§ Task objective: Only the lines below from the one containing "Load image into" through the one containing "Shame! and Masculinity - Ernst Van Alphen" belong in the answer, repeated exactly and without pictures.

===== Working data

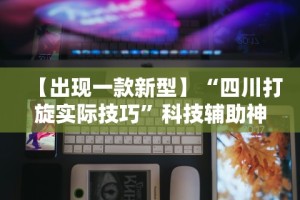 【出现一款新型】“四川打旋实际技巧”科技辅助神器手机版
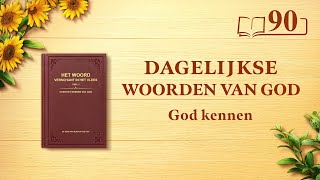 Dagelijkse woorden van God: God kennen | Fragment 90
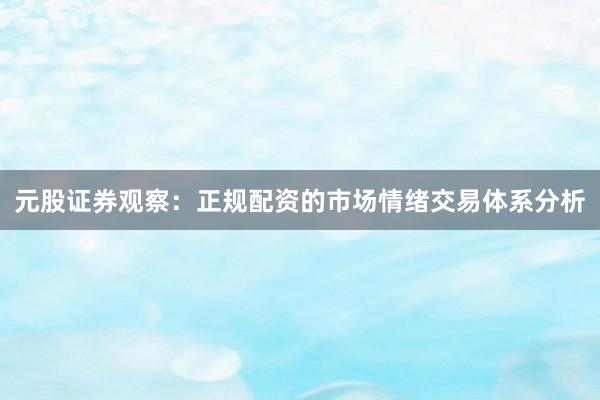 元股证券观察：正规配资的市场情绪交易体系分析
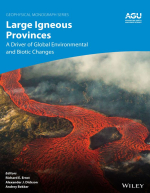 Large igneous provinces. A driver of global environmental and biotic changes / Крупные магматические провинции. Движущая сила глобальных экологических и биотических изменений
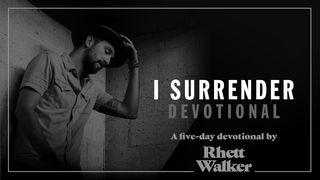 I Surrender Devotional by Rhett Walker John 4:34-38 New King James Version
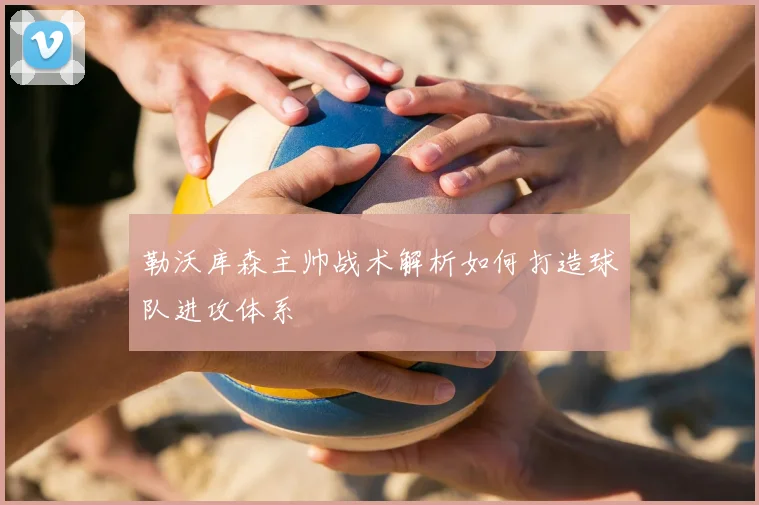 勒沃库森主帅战术解析如何打造球队进攻体系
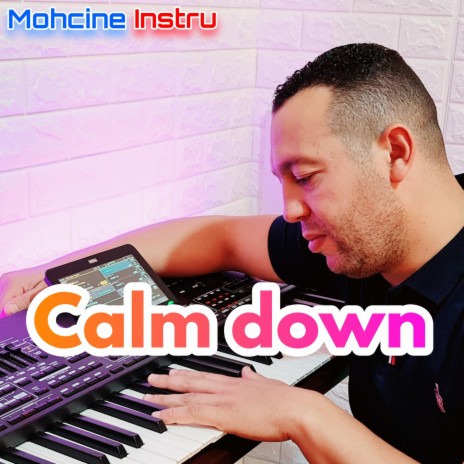 Calm down | Boomplay Music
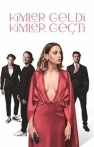 Kimler Geldi Kimler Geçti izle Kimler Geldi Kimler Geçti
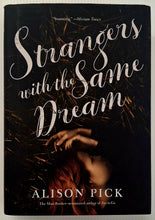 Load image into Gallery viewer, STRANGERS WITH THE SAME DREAM - Alison Pick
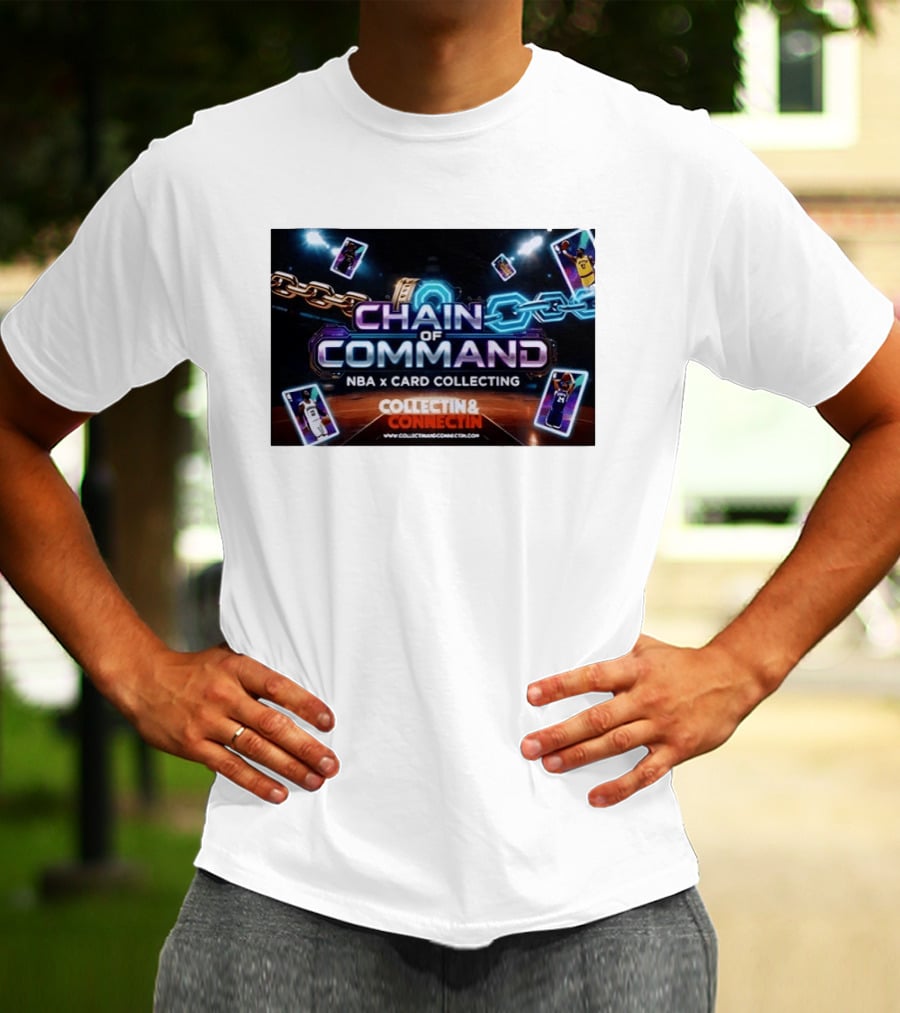 Chain Of Command NBA X Card Collecting Collectin & Connectin Basketball Cards T-Shirt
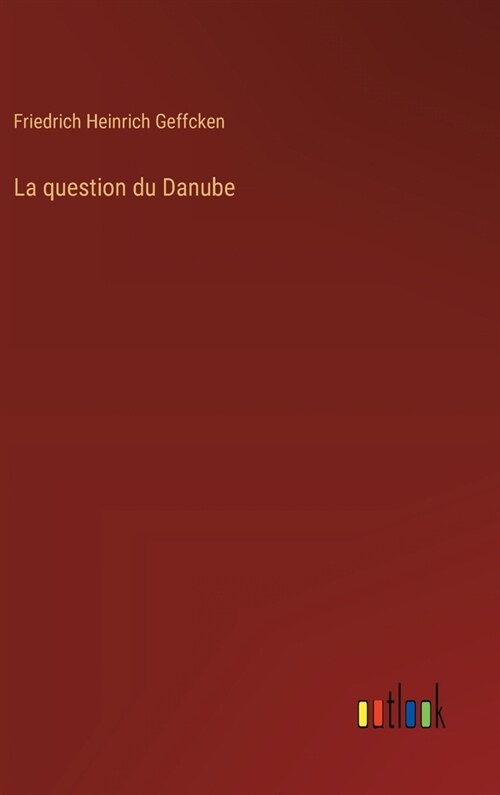 La question du Danube (Hardcover)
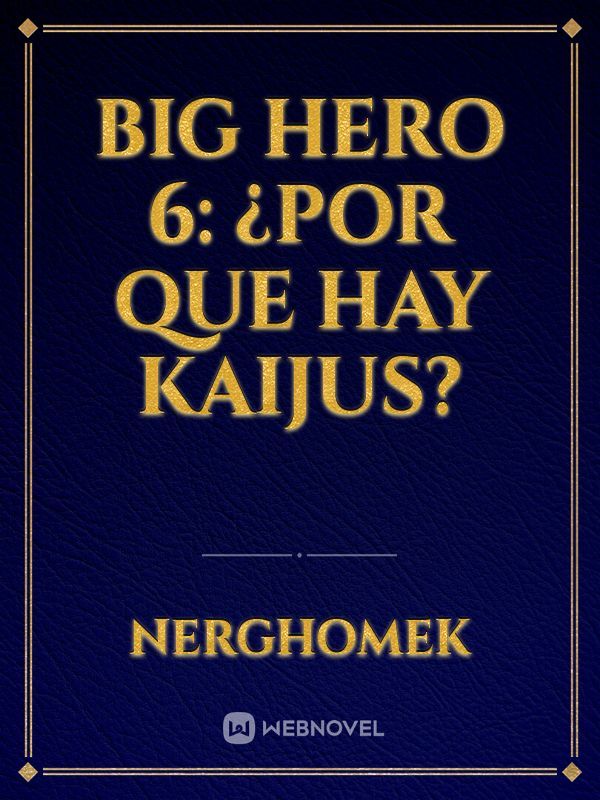 Big Hero 6: ¿por que hay kaijus?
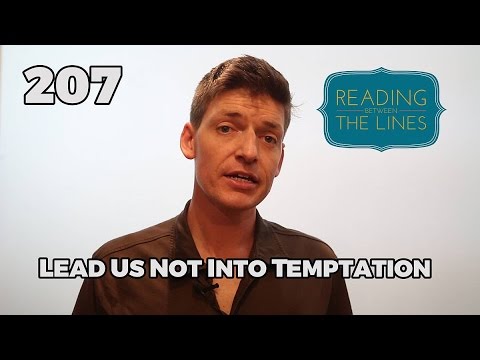 Reading Between the Lines 207 - Lead us Not into Temptation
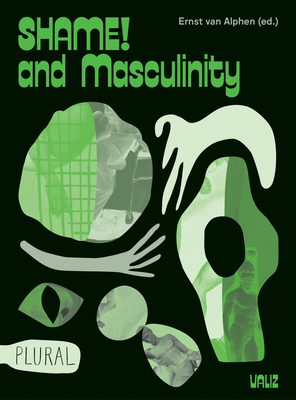 Shame! and Masculinity - Ernst Van Alphen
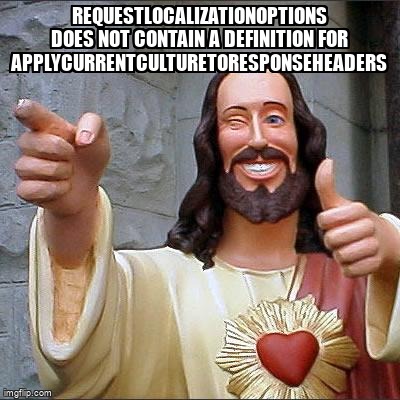 overflow_meme's tweet image. RequestLocalizationOptions does not contain a definition for ApplyCurrentCultureToResponseHeaders stackoverflow.com/questions/6003… #aspnetcore31 #c#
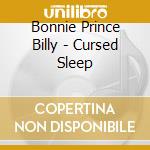 Bonnie Prince Billy - Cursed Sleep cd musicale di Bonnie Prince Billy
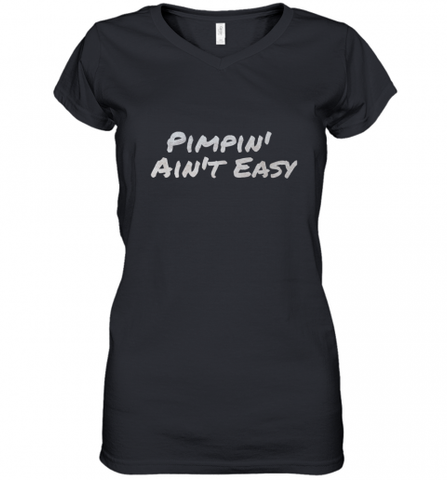 Pimpin' Ain't Easy Women's V-Neck T-Shirt Women's V-Neck T-Shirt / Black / S Women's V-Neck T-Shirt - Nice-Tshirts4u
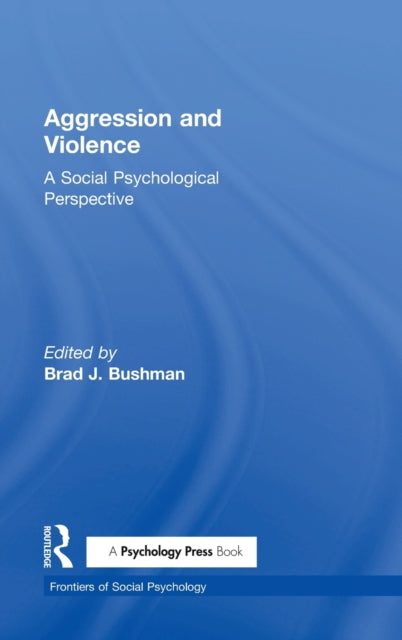 Book cover of: Aggression and Violence. By: Brad J. Bushman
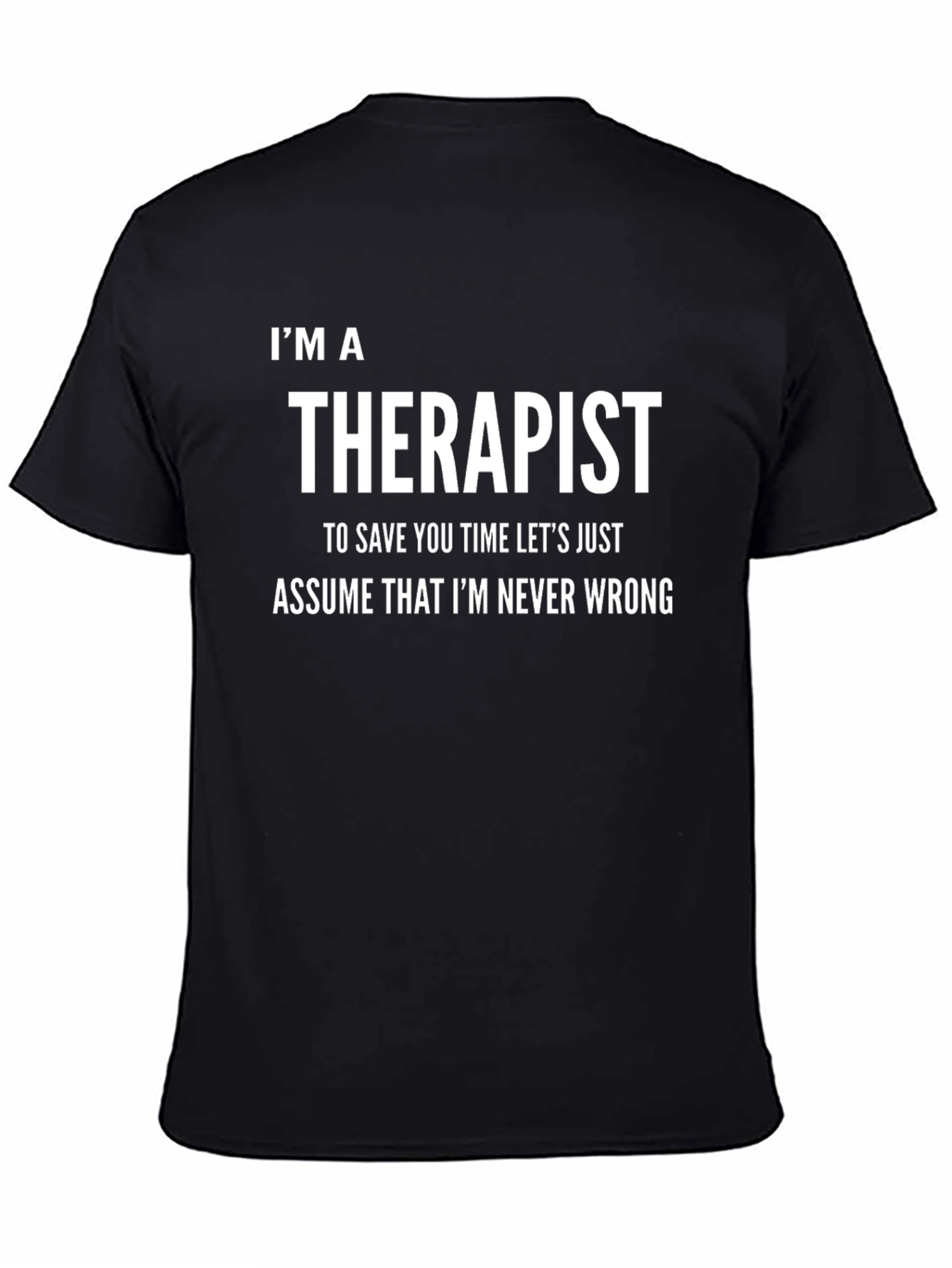 Im a Therapist T-Shirt: Never Wrong Funny Tee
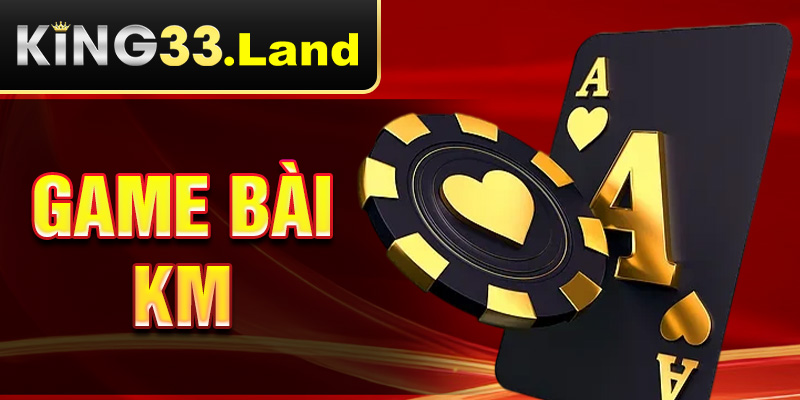 gmae bài km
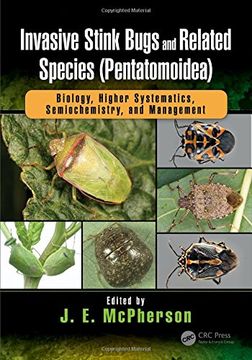 portada Invasive Stink Bugs and Related Species (Pentatomoidea): Biology, Higher Systematics, Semiochemistry, and Management (Contemporary Topics in Entomology)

==========

§ Written solution:
 Load image into Gallery viewer, STRANGERS WITH THE SAME DREAM - Alison Pick
 Chain Of Command NBA X Card Collecting Collectin & Connectin Basketball Cards T-Shirt
 La question du Danube (Hardcover)
 Big Hero 6: ¿por que hay kaijus?
 Reading Between the Lines 207 - Lead us Not into Temptation
 Shame! and Masculinity - Ernst Van Alphen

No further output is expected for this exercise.